Wednesday, June 5, 2013

Running R Scripts Directly From Dropbox

I have written a little function that allows users to run R scripts out of Dropbox directly from any location.  It was aided by this post on biobucket.  The reason I am particularly interested in this feature is because I am often using a server to run my R code.  This otherwise would require me to upload my R script directly to the server every time I make a change.  However, I can instantly test my code on the server by having it run the code remotely since dropbox is very good at detecting changes and updating its database instantly.

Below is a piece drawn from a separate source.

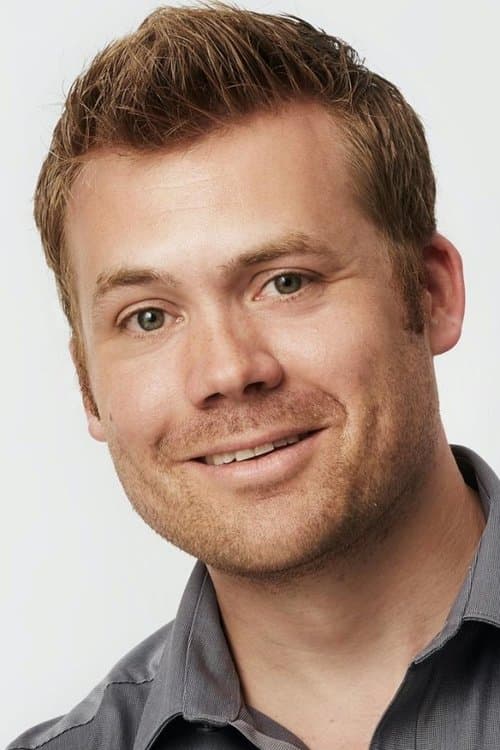 A portrait of Rasmus Heide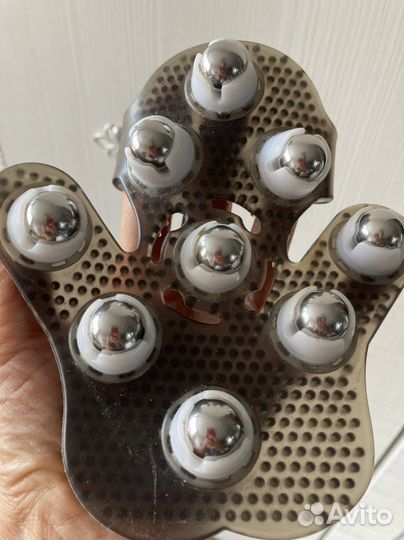 Антицеллюлитный массажер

# Evaluate code directly from a dropbox file
dropbox.eval <- function(x, noeval=F) {
  require(RCurl)
  # Load the file into memory as a text file with getURL
  intext <- getURL(paste0("https://dl.dropboxusercontent.com/",x), 
                        ssl.verifypeer = FALSE)
  # For some reason \r seem to be frequently inserted into 
  #   the script files that I save.  They present a problem
  #   so I remove them using gsub.
  intext <- gsub("\r","", intext)
  # Evaluate the input file.
  if (!noeval) eval(parse(text = intext), envir= .GlobalEnv)
  # Finally return the dropbox script as text.
  return(intext)
}
 
dropbox.eval("sh/1fjpw58gko634ye/C74hTEkknP/Demo.R")
Highlighted by Pretty R at inside-R.org

I also found that there is a R package built specifically for interfacing with dropbox which looks pretty great at https://github.com/karthikram/rDrop.  I have not yet implemented it.

This command can also be found at
https://github.com/EconometricsBySimulation/RConcerto/blob/master/Package.R

I am starting work on a package (RConcerto) meant to provide tools for helping in the production of Concerto online tests.  It also includes tools for generating HTML objects.  More on this in the future.